Input data:

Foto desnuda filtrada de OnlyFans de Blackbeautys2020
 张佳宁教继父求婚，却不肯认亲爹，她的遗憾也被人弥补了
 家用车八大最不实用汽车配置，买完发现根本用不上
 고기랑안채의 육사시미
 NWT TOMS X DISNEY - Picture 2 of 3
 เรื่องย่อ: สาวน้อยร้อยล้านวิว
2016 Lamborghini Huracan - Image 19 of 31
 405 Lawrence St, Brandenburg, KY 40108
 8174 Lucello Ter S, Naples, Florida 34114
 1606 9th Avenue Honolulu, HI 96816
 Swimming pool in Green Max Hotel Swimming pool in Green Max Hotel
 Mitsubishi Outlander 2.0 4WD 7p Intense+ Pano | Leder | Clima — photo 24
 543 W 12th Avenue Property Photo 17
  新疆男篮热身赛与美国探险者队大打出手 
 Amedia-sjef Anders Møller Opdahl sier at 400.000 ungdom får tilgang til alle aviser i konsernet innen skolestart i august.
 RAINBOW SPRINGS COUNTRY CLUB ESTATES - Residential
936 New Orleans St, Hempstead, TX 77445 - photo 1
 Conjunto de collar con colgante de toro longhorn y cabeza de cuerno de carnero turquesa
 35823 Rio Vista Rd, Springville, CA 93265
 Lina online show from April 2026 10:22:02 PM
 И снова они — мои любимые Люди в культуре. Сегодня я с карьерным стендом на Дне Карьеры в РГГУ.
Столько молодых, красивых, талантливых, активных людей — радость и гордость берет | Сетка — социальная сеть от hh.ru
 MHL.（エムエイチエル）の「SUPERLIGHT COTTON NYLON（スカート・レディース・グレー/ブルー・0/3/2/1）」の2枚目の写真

Problem description: Give again, exactly and with nothing added, the lines running from the one that contains "543 W 12th Avenue Property Photo 17" to the last line of the material.

Written response:
 543 W 12th Avenue Property Photo 17
  新疆男篮热身赛与美国探险者队大打出手 
 Amedia-sjef Anders Møller Opdahl sier at 400.000 ungdom får tilgang til alle aviser i konsernet innen skolestart i august.
 RAINBOW SPRINGS COUNTRY CLUB ESTATES - Residential
936 New Orleans St, Hempstead, TX 77445 - photo 1
 Conjunto de collar con colgante de toro longhorn y cabeza de cuerno de carnero turquesa
 35823 Rio Vista Rd, Springville, CA 93265
 Lina online show from April 2026 10:22:02 PM
 И снова они — мои любимые Люди в культуре. Сегодня я с карьерным стендом на Дне Карьеры в РГГУ.
Столько молодых, красивых, талантливых, активных людей — радость и гордость берет | Сетка — социальная сеть от hh.ru
 MHL.（エムエイチエル）の「SUPERLIGHT COTTON NYLON（スカート・レディース・グレー/ブルー・0/3/2/1）」の2枚目の写真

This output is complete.